Outer Space / Technology

A prototype EMPS model developed as the successor to devices such as the Manned Maneuvering Unit (MMU), the Simplified Aid for Extravehicular Activity Rescue (SAFER), and the Extravehicular Mobility Unit (EMU). Named after Yuri Gagarin, the first human being in outer space. The type piloted by Astronaut Jonathan Ingram in a test space walk in 2013. Unlike the MMU and SAFER's nitrogen gas thrusters, which only allowed for very basic movement, it was instead equipped with miniature rockets. It was developed as an attempt to realize true aerial navigation in space, and not just short-distance movement and position control; accordingly, the unit's gross weight is heavier than its predecessors, and it is considerably larger as well.
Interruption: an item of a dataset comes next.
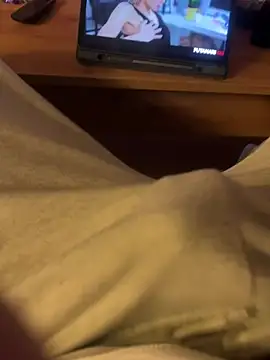 Snapshot of InkedGuy1 chatting on 04/04/26, 08:06 InkedGuy1 online show from 04/04/26, 08:06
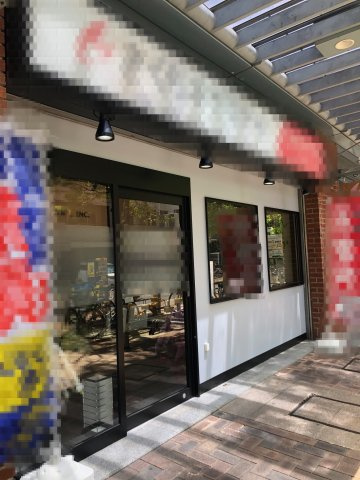 【外観】 | フェスタ立花南館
After Astronaut Ingram's accident, EMPS development was temporarily suspended and the technology reworked from the ground up. Having been designed for mechanical work outside the colony, the Yuri is equipped with various data recording units, but is not outfitted with weapons of any kind; however, it has 4 manipulator arms that provide its operator with basic feedback. Also equipped with emergency food rations and a 3-day energy supply.

Yuri accident
Outer Space / Society

The accident that occurred with the Yuri EMPS prototype in 2013 during a test space walk. This unit was to be used by the Policenauts outside the colony. The unit underwent a malfunction in its vernier rockets, causing it to lose control and disappear out into space. There was a particularly strong solar wind blowing at the time, which resulted in a temporary communications blackout and the delay of the rescue operation.

The test was being broadcast live around the world, with the accident dealing a shock greater than that of even the Challenger disaster. This "second space shock" set EMPS development back 5 years. The Yuri was connected to a survival ball, which had a built-in cold sleep module, but because an SOS signal could not be detected, it had been thought that all hope was lost for its test pilot, Astronaut Jonathan Ingram.